But there is one significant difference between GPUs with dedicated or shared memory though; sharing memory can lead to both inefficiency and latency. CPUs and GPUs accesses memory in very different patterns; CPUs do small accesses which are very latency sensitive, and even tiny latencies will cause large slowdowns to program execution. Meanwhile, GPUs do accesses in large batches where throughput(bandwidth) is much more important than latency (which is the reason why most larger GPUs use GDDR which are bandwidth optimized). This means however, that an integrated GPU/CPU with shared memory can cause slowdowns for each other, even when the GPU load isn't that big, which is the reason why such integrated GPUs are known for causing stutter, even outside gaming. This issue has become less noticeable in the past ~10 years with faster CPUs, but is still noticeable to those of us who are very sensitive to stutter and latency.
The fact that Arc performs pretty well in synthetics and compute workloads but comparatively poor in gaming workloads is an indication of a hardware issue of resource balancing (namely scheduling). This is very analogous to AMD's issues with Polaris and Vega, but just a bit worse. And in both cases people keep blaming the drivers and thinking this will work itself out, but it wouldn't. (Keep in mind that we should have expected A770 to perform in the ~RTX 3080 range instead of between RTX 3060 and RTX 3060 Ti)
Secondly, it's important to understand that the bugs are unrelated to the GPUs underperforming. Most of the bugs are related to added features and gimmicks such as new AA modes, upscaling and other auxiliary gaming related features. The bugs are results from sloppy work and can be fixed, but the performance issues will remain.

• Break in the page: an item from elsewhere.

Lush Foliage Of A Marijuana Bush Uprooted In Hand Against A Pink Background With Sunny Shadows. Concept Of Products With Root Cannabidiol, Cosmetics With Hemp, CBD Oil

Thirdly, as you mentioned, Intel have long experience with graphics drivers. And those thinking we should cut them some slack because they're "new" to dedicated graphics is just wrong. The drivers work pretty much the same regardless of the GPU being a tiny iGPU or a massive beast. And keep in mind, if driver overhead was the real issue, we should see a gradually increasing overhead with the higher GPUs. Also, most people have forgotten Intel's "prototype" DG1 graphics card from 2020, so they are not new to this. Intel also have a long record of better API compliance than AMD. So we should stop making excuses for Intel and regard the products as they truly are; flawed by design.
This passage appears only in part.